If Volkenrath were slaughtered by horrors from Cryx, however, not even his fiercest rival would suspect Lorca’s involvement.

“He’s the only one I need dead,” Lorca said. He forced himself to look back at Azaam and her gory adjustments to the recalcitrant corpse. “Do whatever you need to do to get ready, but I want you to act soon.”

Azaam stepped away from the mangled carcass. She stretched her blood-soaked hand toward it and arcane runes glowed in the air around her fingers. The same runes flickered briefly where they had been carved into the corpse’s flesh. Slowly, the thing sat upright, then clumsily pulled itself to its feet. The blood hag had invested it with the foulest echo of life, the obscene vitality of the undead. The corpse was now one of the risen.

“We will step up our preparations,” Azaam said. “We will be ready. See that you can say the same.”

“I’m already making the arrangements to ship the necrotite out of Five Fingers. Don’t worry—with me working it, you’ll be able to get your necrotite safely out of the city,” Lorca said. “And I’ve already figured out where you can hit Vulger. He has a hobby. He likes to watch steamjacks beat each other into scrap. Once a week he operates a fighting arena called the Scrapyard here on Hospice. That’s one of the reasons I chose this place to hide you, so you’d be close to the hunting ground.”

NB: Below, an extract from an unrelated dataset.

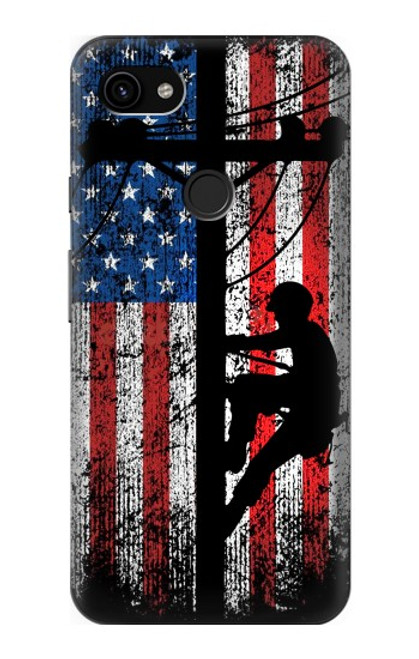 S3803 Electrician Lineman American Flag Case For Google Pixel 3a XL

Moritat gave the nugget of necrotite one final caress, then slipped it back into his satchel. “My creations are not known for their restraint,” he said. “They are liable to kill everything in the arena.”

Lorca watched as Azaam used her magic to animate a second corpse. He’d come too far to reconsider now. “Just as long as you get Vulger, I don’t care how many you kill.” The racketeer shuddered as the second risen lurched to its feet. He tried not to think about where his ghastly allies had come by so many corpses, or the nearness of Blocklathe Orphanage to their hideout.

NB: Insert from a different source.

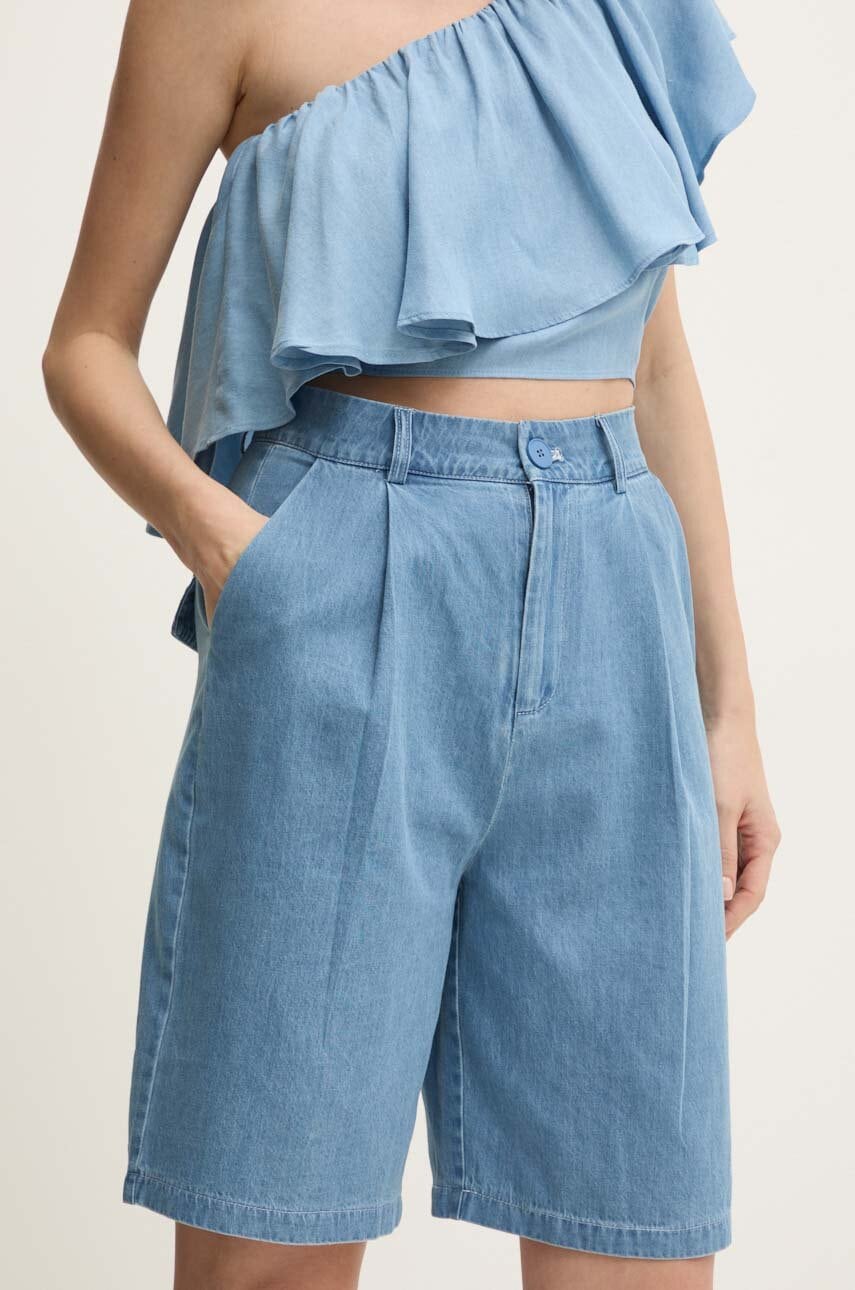 Answear Lab pantaloni scurti jeans femei, neted, high waist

A giggle bubbled from the necrotech’s lips. “When my creations are through with it, you may start calling the Scrapyard the Boneyard.”

CHAPTER III


O
ver my dead body,” Taryn growled, both hands closing a little tighter around the grips of her magelocks. The idea seemed to hold a lot of attraction for the hatchet-faced Thurian and the two ogrun bruisers behind him. After five minutes of arguing with the gun mage about her weapons, the ogrun looked like they were ready to tear out the nearest support column and beat her with it.

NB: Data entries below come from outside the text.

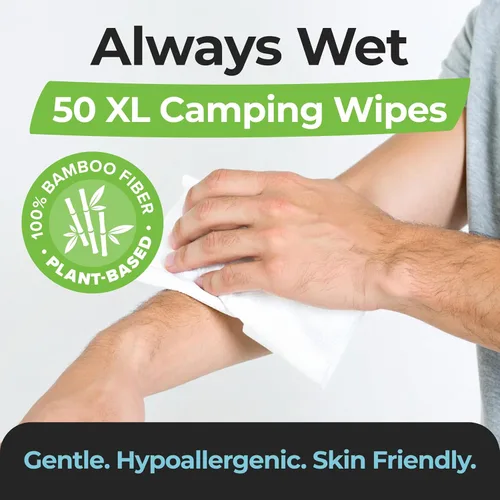 Miniatura 7 de Esenciales para Acampar - Toallitas Corporales para Baño de Adultos en Campamento Sin Enjuague - 50 Toallitas XL Desodorantes para Ducha y Baño
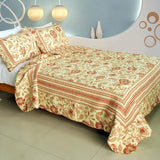 Bedding [Classical Rose] 3-Pieces Floral Printed-Quilted Cotton Quilt Set (Full/Queen Size)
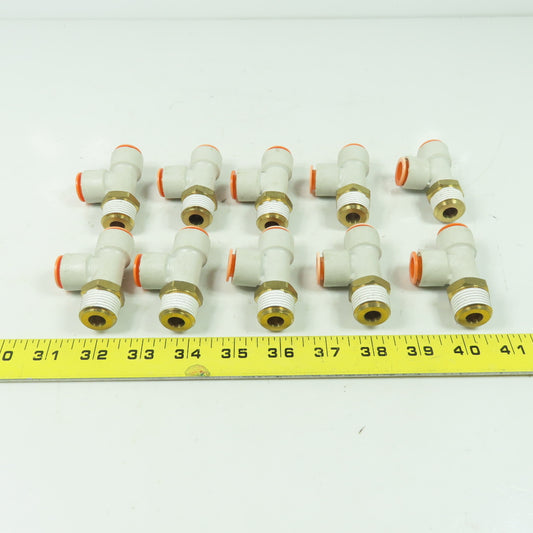 SMC 1/2" NPT x 1/2"x1/2" Push To Connect Run Tee Lot Of 10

“I don’t like it either,” Rutger said, “but if we’re going to do this, we have to play by the rules.” He’d already taken off his own weapon belt and was only waiting for Taryn to be reasonable before handing his arms over to the Scrapyard’s enforcers.

“I’d sooner go naked than hand over my guns.” She glared at the Thurian.

Marko adopted his oiliest smile and hurried between Taryn and the enforcer. “Now, now, let’s all keep things civil.” With a dramatic flourish he started removing knives from under his vest, handing them to the Thurian one after the other. “See, I’m not worried about getting my weapons back,” he said, looking at Taryn.

“We can still go back,” Rutger said, laying his hand on her shoulder. He knew how important the magelocks were to Taryn. They’d been a gift from her mentor, Henri, the closest thing to a father she’d ever had. Henri had died many years ago defending Taryn’s honor. The magelocks were the only tangible thing she had to remember him by.